> _EXERCISE DESCRIPTION_
Pictures excluded, output the lines of the data below between the one holding "Liquid silicone waterproof" and the one holding "Used 2019 Mercedes-Benz", inclusive, exactly as they stand.

> _INPUT RECORDS_

--- START ---

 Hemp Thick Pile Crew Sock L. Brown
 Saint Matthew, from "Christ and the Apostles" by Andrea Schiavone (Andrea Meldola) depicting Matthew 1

--- END ---
--- START ---

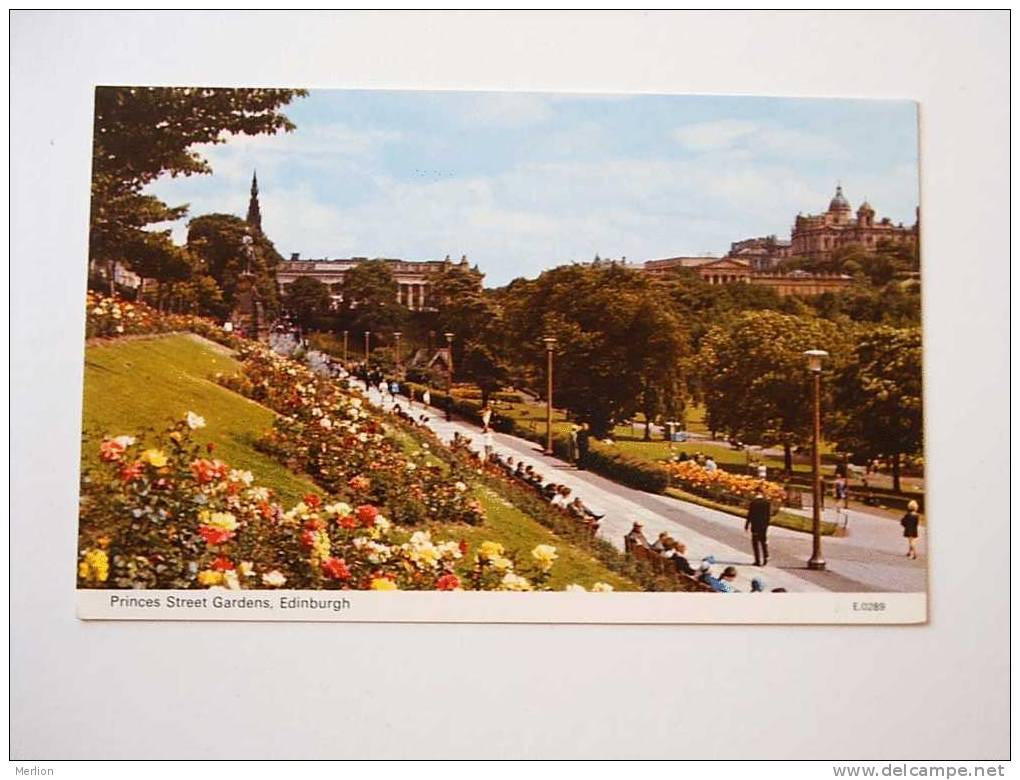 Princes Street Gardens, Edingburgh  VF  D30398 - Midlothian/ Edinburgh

--- END ---
--- START ---

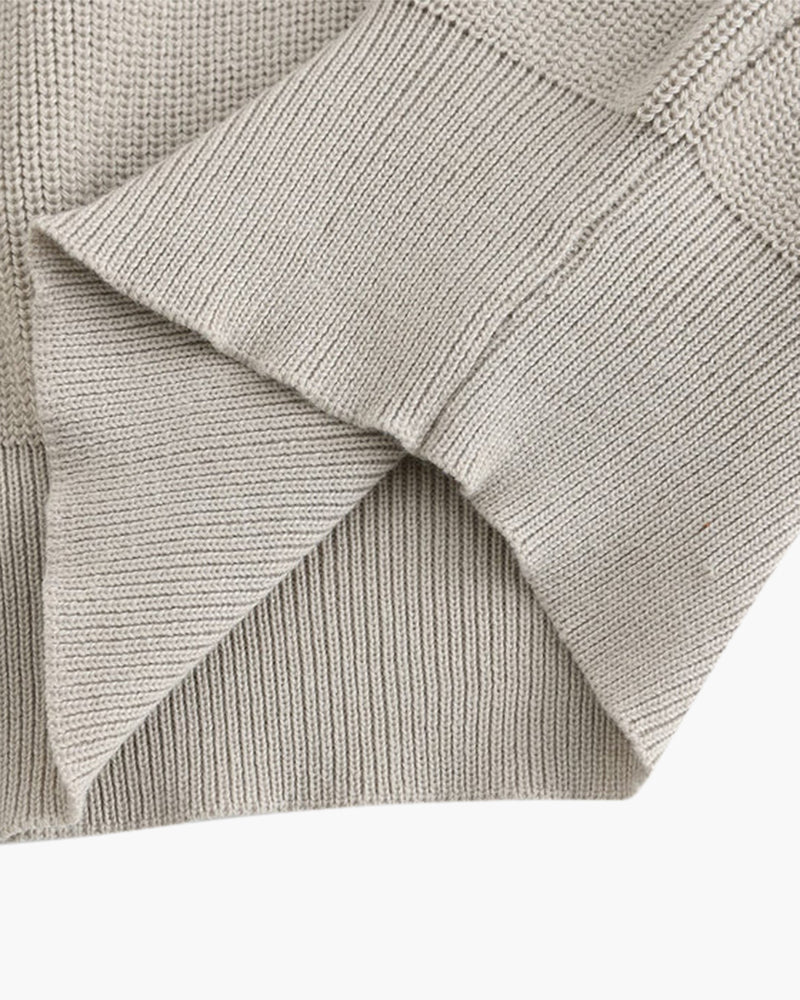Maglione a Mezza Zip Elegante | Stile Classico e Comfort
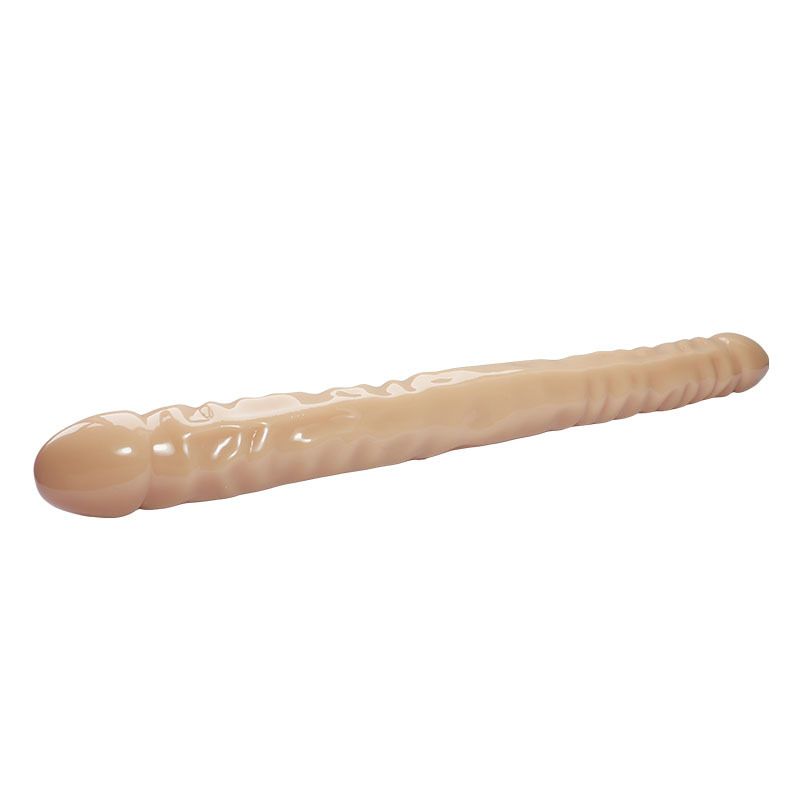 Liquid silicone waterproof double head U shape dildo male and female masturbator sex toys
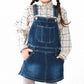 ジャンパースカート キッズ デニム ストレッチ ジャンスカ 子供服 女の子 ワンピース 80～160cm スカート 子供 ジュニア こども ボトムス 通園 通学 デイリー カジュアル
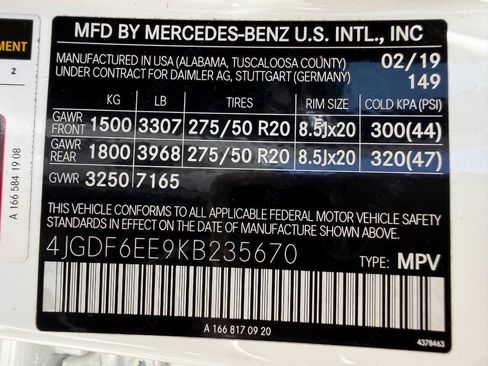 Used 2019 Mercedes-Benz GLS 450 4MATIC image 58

--- END ---

> _ANSWER SECTION_
 Liquid silicone waterproof double head U shape dildo male and female masturbator sex toys
 ジャンパースカート キッズ デニム ストレッチ ジャンスカ 子供服 女の子 ワンピース 80～160cm スカート 子供 ジュニア こども ボトムス 通園 通学 デイリー カジュアル
 Used 2019 Mercedes-Benz GLS 450 4MATIC image 58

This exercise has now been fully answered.